The rival Palestinian Authority (PA), based in the West Bank, has been waging a long term effort to weaken Hamas. By hiking fuel delivery prices, it has gradually strangled Gaza’s access to electricity, which means the lights are often only on for three hours a day.
Hospitals in the Strip have warned that the frequent cuts endanger patients’ lives and the sewage treatment system has broken down. Since the water supply to many households relies on electric pumps, many people are also having difficulty washing, cooking and doing laundry.
Gaza’s water is not safe to drink. While Doha and her family have a water filter paid for by the Catholic aid agency Cafod and installed by Islamic Relief, it needs electricity to function.
During the searing 40 degree summer the family have been forced to buy water instead.
“We haven’t had any [water] for six days,” Doha told visiting CAFOD representatives, as the sound of flowing water started and she jumped up to fill a tank in order to wash clothes and dishes.
“I lose sleep every night, because I keep waking up to see if the water is running.”

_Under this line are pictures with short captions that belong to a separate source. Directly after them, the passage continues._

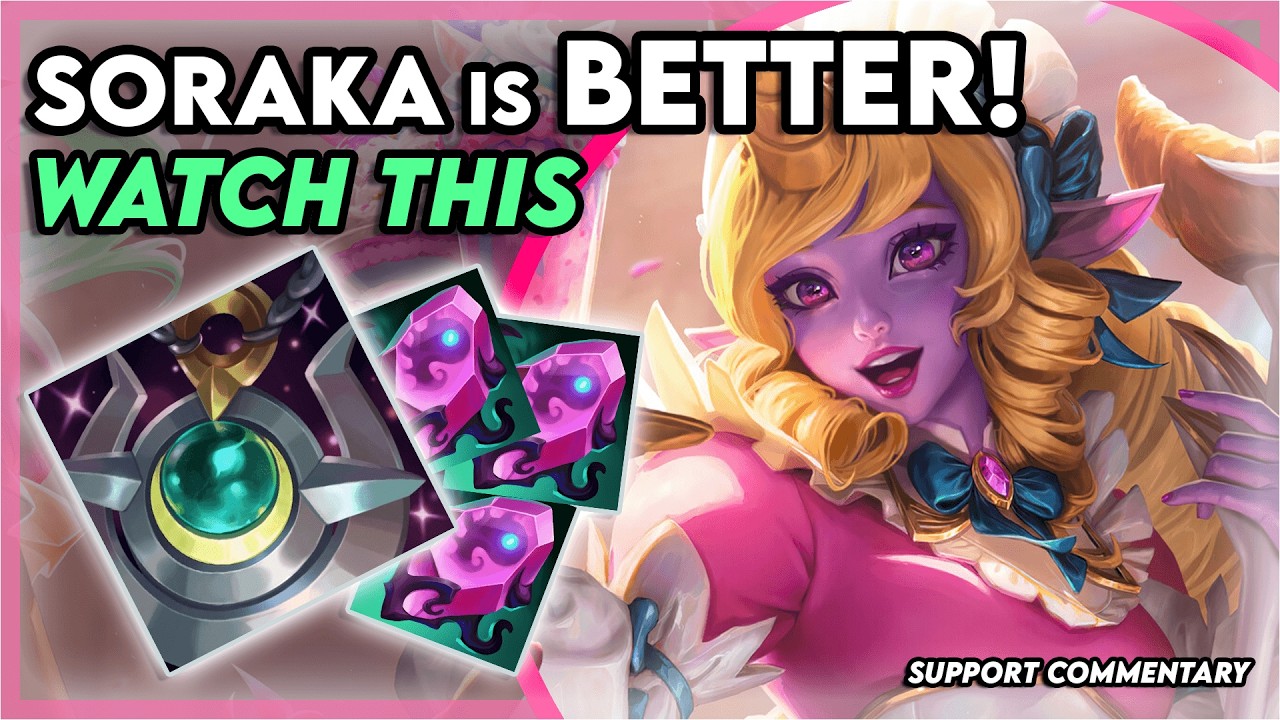 Soraka has to be the most CRINGE Support for LOW ELO.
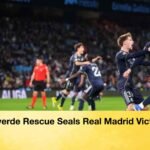 Valverde Rescue Seals Real Madrid Victory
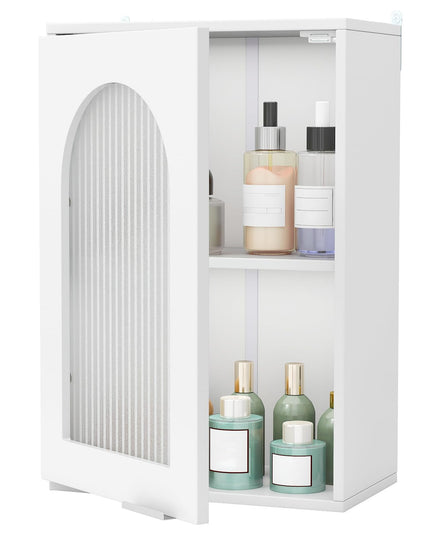 Giantex Wall Mounted Bathroom Cabinet for Living Room Laundry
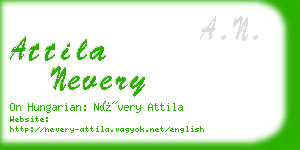 attila nevery business card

In April, Major General Yoav Mordechai, the Israel Defence Forces (IDF) coordinator of government activities in the Palestinian Territories, warned that Gaza faces an “impending humanitarian crisis”.
The commander sent letters to several international bodies including the UN to say that urgent action is needed to prevent the situation for civilians from deteriorating.
“Of all the issues we deal with - the peace process, Palestinian institution building, the region - this is the one issue that keeps me up at night,” Nickolay Mladenov, the UN’s special coordinator for the Middle East Peace Process, said recently.
“The effects of the crisis are devastating,” he said. “And all of this, at the end of the day, will come back to Israel’s doorstep.”
The worsening conditions have already led to rare unauthorised protests against Hamas’ rule.
Some are worried the deepening situation could lead to renewed violence between the Strip and Israel - which could ultimately destroy thousands of lives like Doha’s all over again.